Using automated spinoculation for CAR T cell lentiviral transduction

Updated August 2023

Study overview: Automated spinoculation for gene transfer by lentiviral transduction

There is a growing need to close and automate manufacturing of chimeric antigen receptor (CAR) T cell therapies. CAR T workflows depend on ex vivo gene transfer by lentiviral transduction for therapeutic efficacy. To streamline this step while keeping flexibility during process development, we introduced stand-alone application software that uses existing Sepax C-Pro technology.

SpinOculation C-Pro application software automates lentiviral vector (LVV) transduction and maintains a functionally-closed system within a single-use disposable kit; importantly, no transduction enhancers are required. We present different use cases highlighting the flexibility of the SpinOculation C Pro software parameters for process optimization of LVV transduction efficiencies in combination with application-specific upstream processes and viral sources.

Introduction: The need for closed and automated lentiviral transduction steps in CAR T cell therapy workflows

Clinical and biopharmaceutical communities are undergoing an evolution in cancer treatment with the development and use of T cell immunotherapies. The approval of autologous CAR T cell therapies from Novartis (Kymriah™) and Gilead/Kite (Yescarta™) emphasizes the growing need for automated and closed solutions for cell and gene therapy manufacturing. Industrialization of these processes will require enhanced risk management, scalability, and reproducibility.

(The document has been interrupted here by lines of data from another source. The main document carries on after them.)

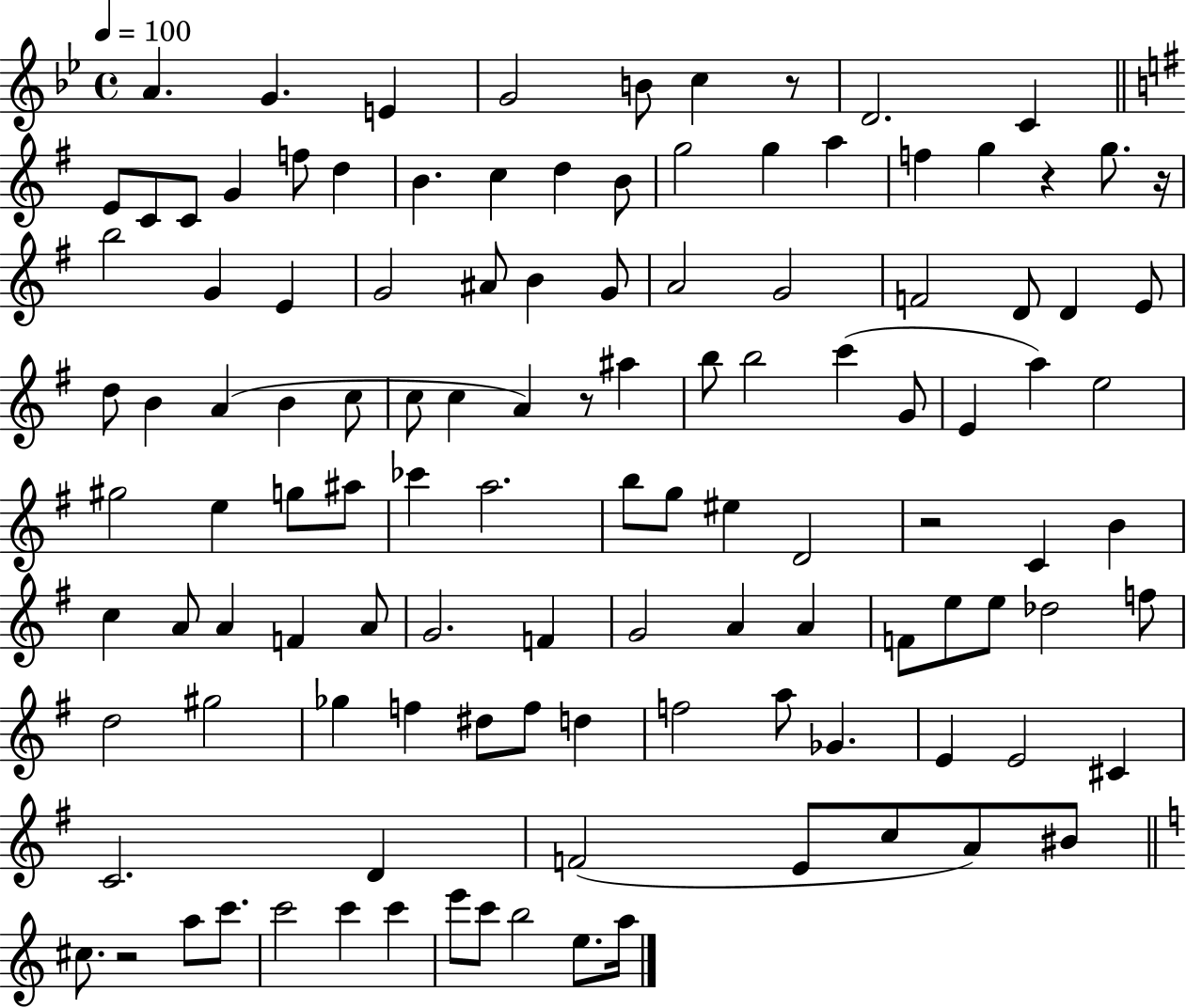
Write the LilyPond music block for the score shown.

{
  \clef treble
  \time 4/4
  \defaultTimeSignature
  \key bes \major
  \tempo 4 = 100
  a'4. g'4. e'4 | g'2 b'8 c''4 r8 | d'2. c'4 | \bar "||" \break \key g \major e'8 c'8 c'8 g'4 f''8 d''4 | b'4. c''4 d''4 b'8 | g''2 g''4 a''4 | f''4 g''4 r4 g''8. r16 | \break b''2 g'4 e'4 | g'2 ais'8 b'4 g'8 | a'2 g'2 | f'2 d'8 d'4 e'8 | \break d''8 b'4 a'4( b'4 c''8 | c''8 c''4 a'4) r8 ais''4 | b''8 b''2 c'''4( g'8 | e'4 a''4) e''2 | \break gis''2 e''4 g''8 ais''8 | ces'''4 a''2. | b''8 g''8 eis''4 d'2 | r2 c'4 b'4 | \break c''4 a'8 a'4 f'4 a'8 | g'2. f'4 | g'2 a'4 a'4 | f'8 e''8 e''8 des''2 f''8 | \break d''2 gis''2 | ges''4 f''4 dis''8 f''8 d''4 | f''2 a''8 ges'4. | e'4 e'2 cis'4 | \break c'2. d'4 | f'2( e'8 c''8 a'8) bis'8 | \bar "||" \break \key a \minor cis''8. r2 a''8 c'''8. | c'''2 c'''4 c'''4 | e'''8 c'''8 b''2 e''8. a''16 | \bar "|."
}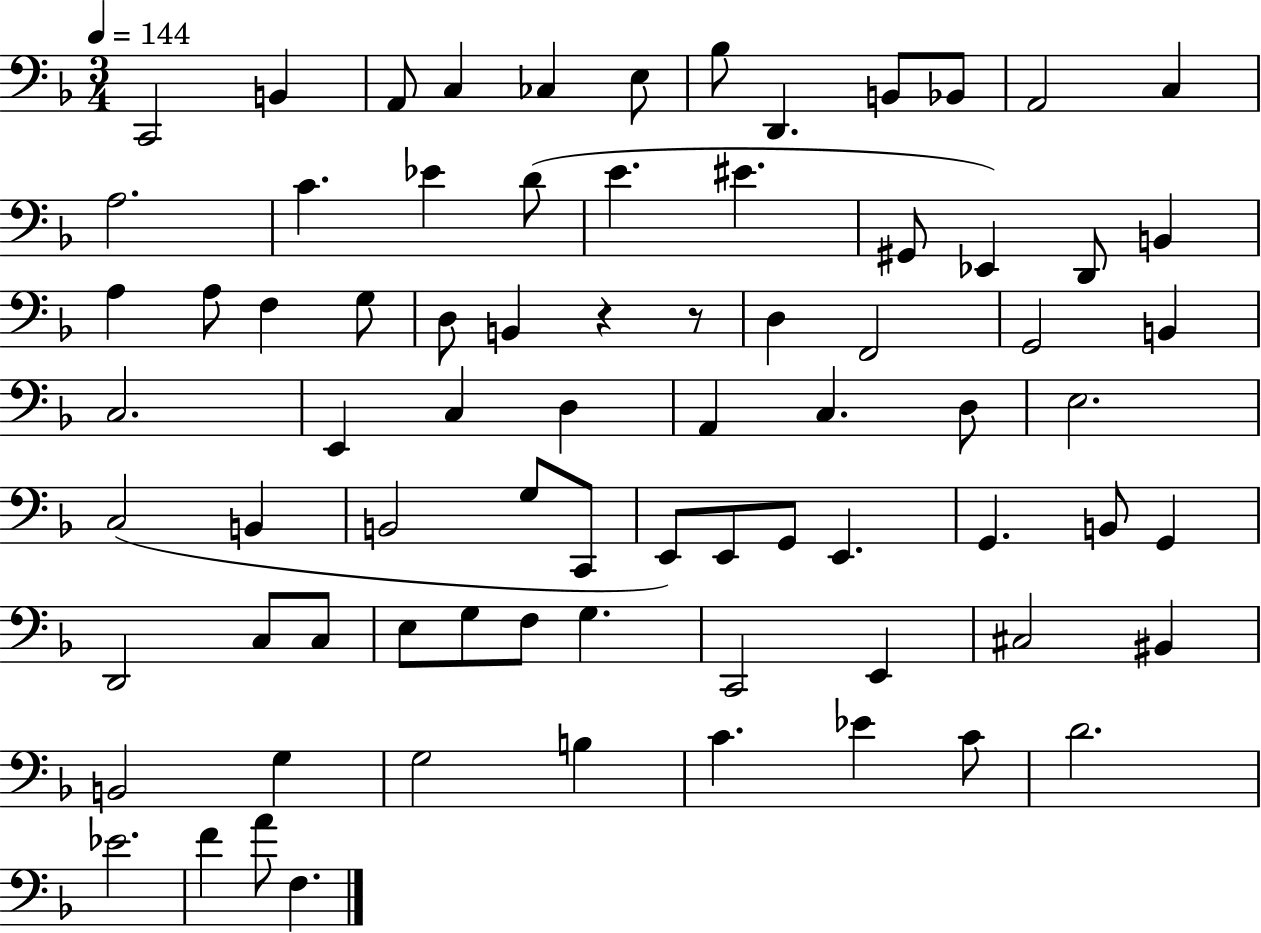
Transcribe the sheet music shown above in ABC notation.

X:1
T:Untitled
M:3/4
L:1/4
K:F
C,,2 B,, A,,/2 C, _C, E,/2 _B,/2 D,, B,,/2 _B,,/2 A,,2 C, A,2 C _E D/2 E ^E ^G,,/2 _E,, D,,/2 B,, A, A,/2 F, G,/2 D,/2 B,, z z/2 D, F,,2 G,,2 B,, C,2 E,, C, D, A,, C, D,/2 E,2 C,2 B,, B,,2 G,/2 C,,/2 E,,/2 E,,/2 G,,/2 E,, G,, B,,/2 G,, D,,2 C,/2 C,/2 E,/2 G,/2 F,/2 G, C,,2 E,, ^C,2 ^B,, B,,2 G, G,2 B, C _E C/2 D2 _E2 F A/2 F,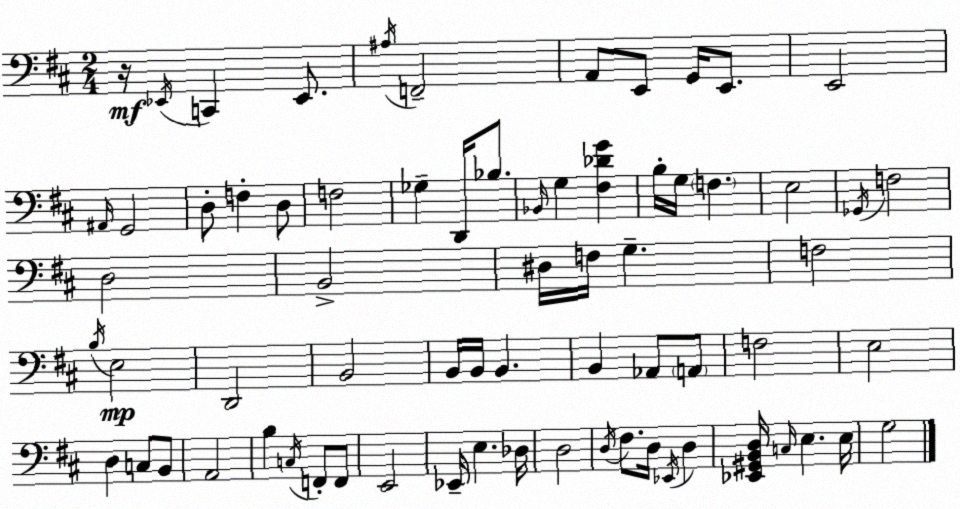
X:1
T:Untitled
M:2/4
L:1/4
K:D
z/4 _E,,/4 C,, _E,,/2 ^A,/4 F,,2 A,,/2 E,,/2 G,,/4 E,,/2 E,,2 ^A,,/4 G,,2 D,/2 F, D,/2 F,2 _G, D,,/4 _B,/2 _B,,/4 G, [^F,_DG] B,/4 G,/4 F, E,2 _G,,/4 F,2 D,2 B,,2 ^D,/4 F,/4 G, F,2 B,/4 E,2 D,,2 B,,2 B,,/4 B,,/4 B,, B,, _A,,/2 A,,/2 F,2 E,2 D, C,/2 B,,/2 A,,2 B, C,/4 F,,/2 F,,/2 E,,2 _E,,/4 E, _D,/4 D,2 D,/4 ^F,/2 D,/4 _E,,/4 D, [_E,,^G,,B,,D,]/4 C,/4 E, E,/4 G,2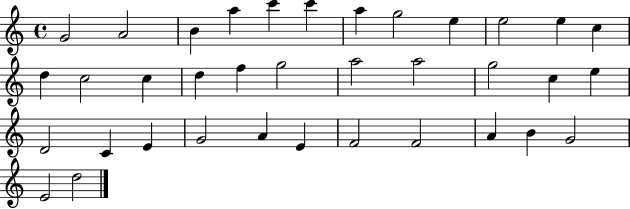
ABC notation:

X:1
T:Untitled
M:4/4
L:1/4
K:C
G2 A2 B a c' c' a g2 e e2 e c d c2 c d f g2 a2 a2 g2 c e D2 C E G2 A E F2 F2 A B G2 E2 d2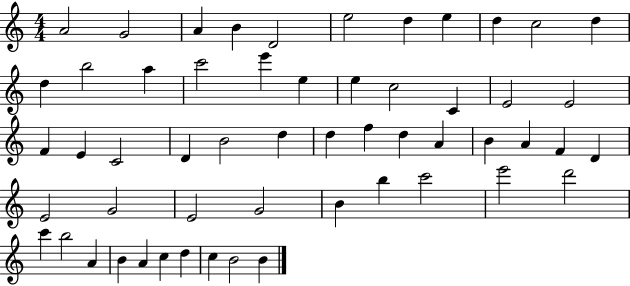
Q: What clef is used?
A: treble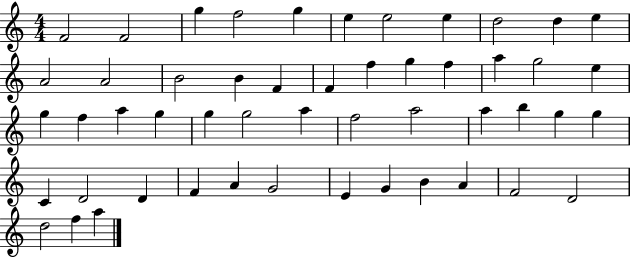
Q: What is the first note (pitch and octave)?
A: F4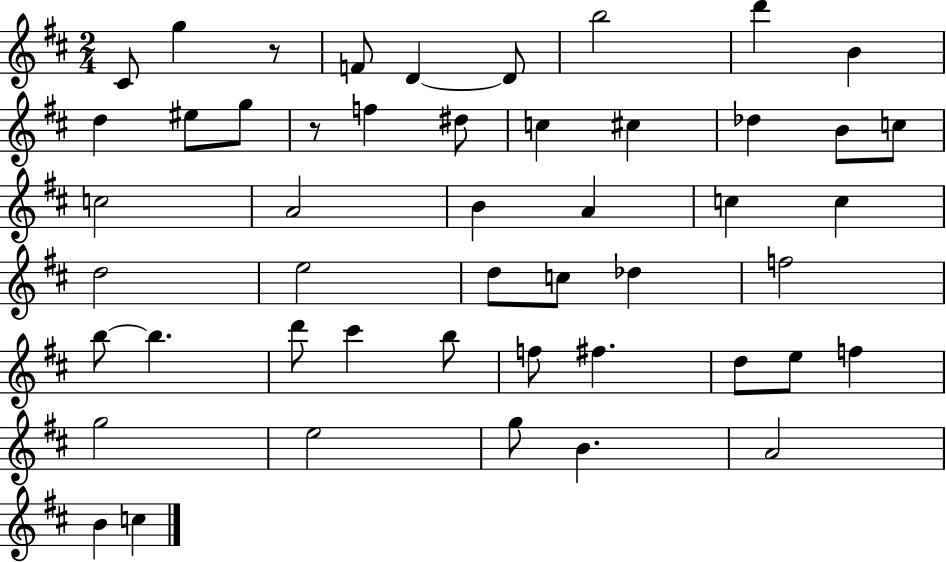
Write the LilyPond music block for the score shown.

{
  \clef treble
  \numericTimeSignature
  \time 2/4
  \key d \major
  \repeat volta 2 { cis'8 g''4 r8 | f'8 d'4~~ d'8 | b''2 | d'''4 b'4 | \break d''4 eis''8 g''8 | r8 f''4 dis''8 | c''4 cis''4 | des''4 b'8 c''8 | \break c''2 | a'2 | b'4 a'4 | c''4 c''4 | \break d''2 | e''2 | d''8 c''8 des''4 | f''2 | \break b''8~~ b''4. | d'''8 cis'''4 b''8 | f''8 fis''4. | d''8 e''8 f''4 | \break g''2 | e''2 | g''8 b'4. | a'2 | \break b'4 c''4 | } \bar "|."
}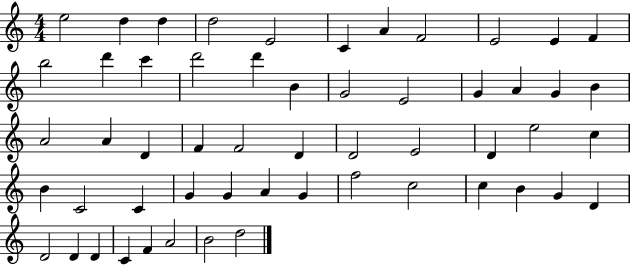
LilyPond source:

{
  \clef treble
  \numericTimeSignature
  \time 4/4
  \key c \major
  e''2 d''4 d''4 | d''2 e'2 | c'4 a'4 f'2 | e'2 e'4 f'4 | \break b''2 d'''4 c'''4 | d'''2 d'''4 b'4 | g'2 e'2 | g'4 a'4 g'4 b'4 | \break a'2 a'4 d'4 | f'4 f'2 d'4 | d'2 e'2 | d'4 e''2 c''4 | \break b'4 c'2 c'4 | g'4 g'4 a'4 g'4 | f''2 c''2 | c''4 b'4 g'4 d'4 | \break d'2 d'4 d'4 | c'4 f'4 a'2 | b'2 d''2 | \bar "|."
}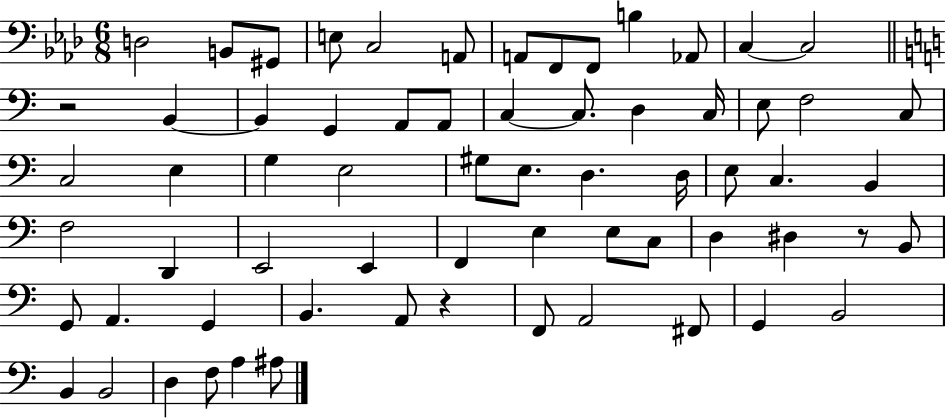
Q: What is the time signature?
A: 6/8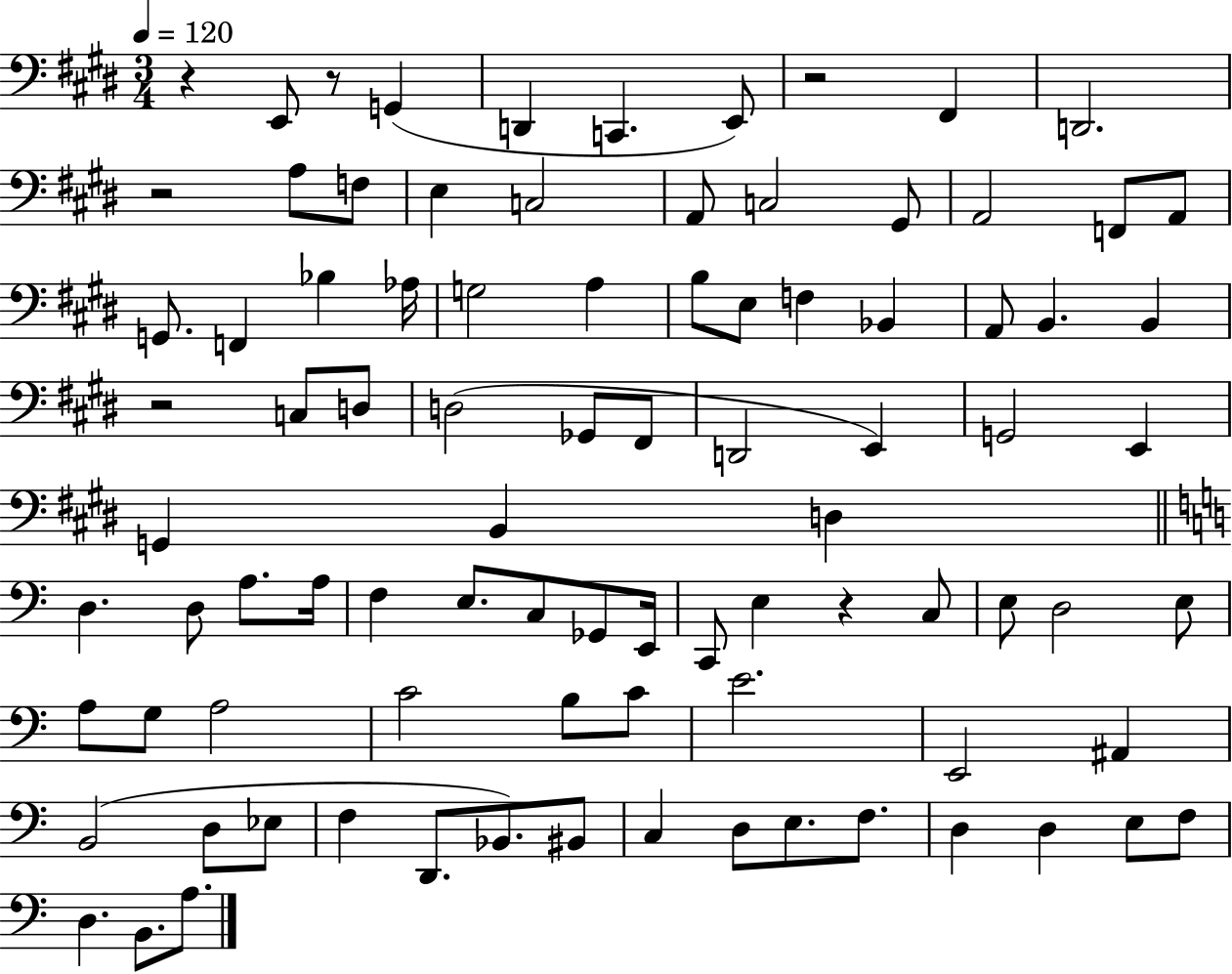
R/q E2/e R/e G2/q D2/q C2/q. E2/e R/h F#2/q D2/h. R/h A3/e F3/e E3/q C3/h A2/e C3/h G#2/e A2/h F2/e A2/e G2/e. F2/q Bb3/q Ab3/s G3/h A3/q B3/e E3/e F3/q Bb2/q A2/e B2/q. B2/q R/h C3/e D3/e D3/h Gb2/e F#2/e D2/h E2/q G2/h E2/q G2/q B2/q D3/q D3/q. D3/e A3/e. A3/s F3/q E3/e. C3/e Gb2/e E2/s C2/e E3/q R/q C3/e E3/e D3/h E3/e A3/e G3/e A3/h C4/h B3/e C4/e E4/h. E2/h A#2/q B2/h D3/e Eb3/e F3/q D2/e. Bb2/e. BIS2/e C3/q D3/e E3/e. F3/e. D3/q D3/q E3/e F3/e D3/q. B2/e. A3/e.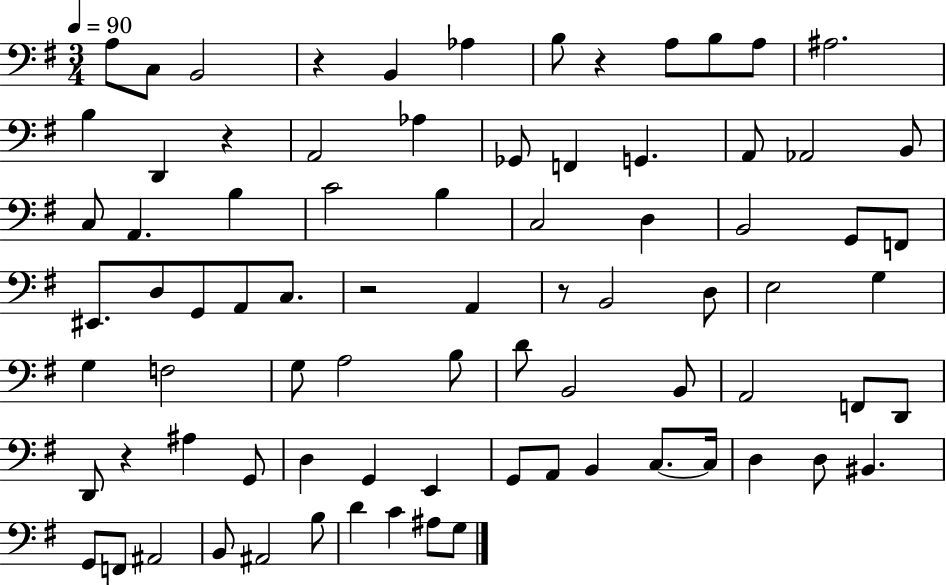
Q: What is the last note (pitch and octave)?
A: G3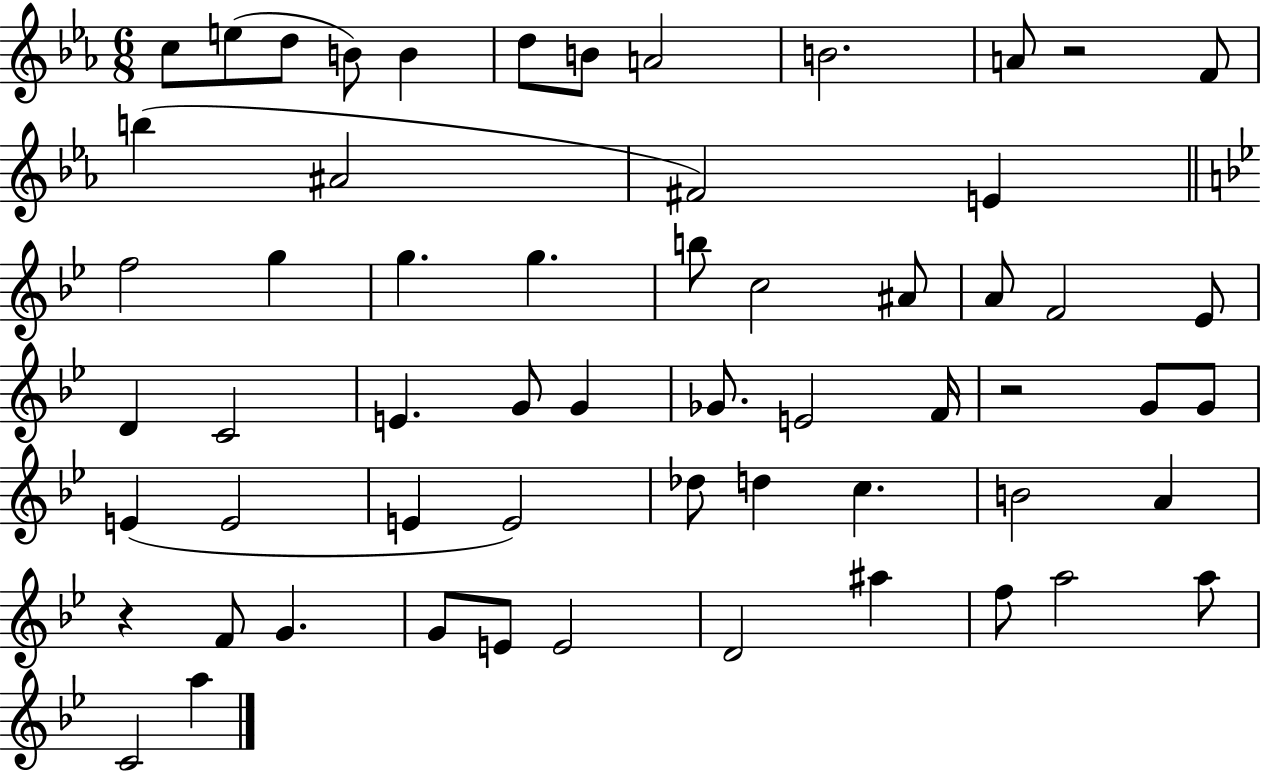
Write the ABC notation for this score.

X:1
T:Untitled
M:6/8
L:1/4
K:Eb
c/2 e/2 d/2 B/2 B d/2 B/2 A2 B2 A/2 z2 F/2 b ^A2 ^F2 E f2 g g g b/2 c2 ^A/2 A/2 F2 _E/2 D C2 E G/2 G _G/2 E2 F/4 z2 G/2 G/2 E E2 E E2 _d/2 d c B2 A z F/2 G G/2 E/2 E2 D2 ^a f/2 a2 a/2 C2 a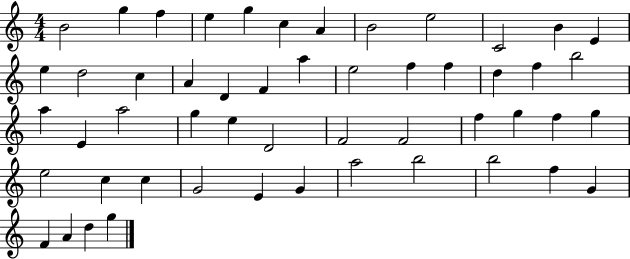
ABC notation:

X:1
T:Untitled
M:4/4
L:1/4
K:C
B2 g f e g c A B2 e2 C2 B E e d2 c A D F a e2 f f d f b2 a E a2 g e D2 F2 F2 f g f g e2 c c G2 E G a2 b2 b2 f G F A d g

Although automated equipment is available for most workflow steps of CAR T cell therapy manufacturing, others, such as lentiviral transduction for gene transfer, need improved methods and technologies. SpinOculation C-Pro application software, used in combination with the Sepax C-Pro instrument and the CT-60.1 single-use kit, is a new stand-alone solution developed to streamline and automate lentiviral transduction while maintaining flexibility during process development (Fig 1).

The SpinOculation C-Pro application software allows users to adjust input cell volume to reach a specific cell density during the transduction step. Also, the application provides closed-system centrifugation to aid in gene transfer without the use of physicochemical transduction enhancers. The final output volume is adaptable to customer-specific needs.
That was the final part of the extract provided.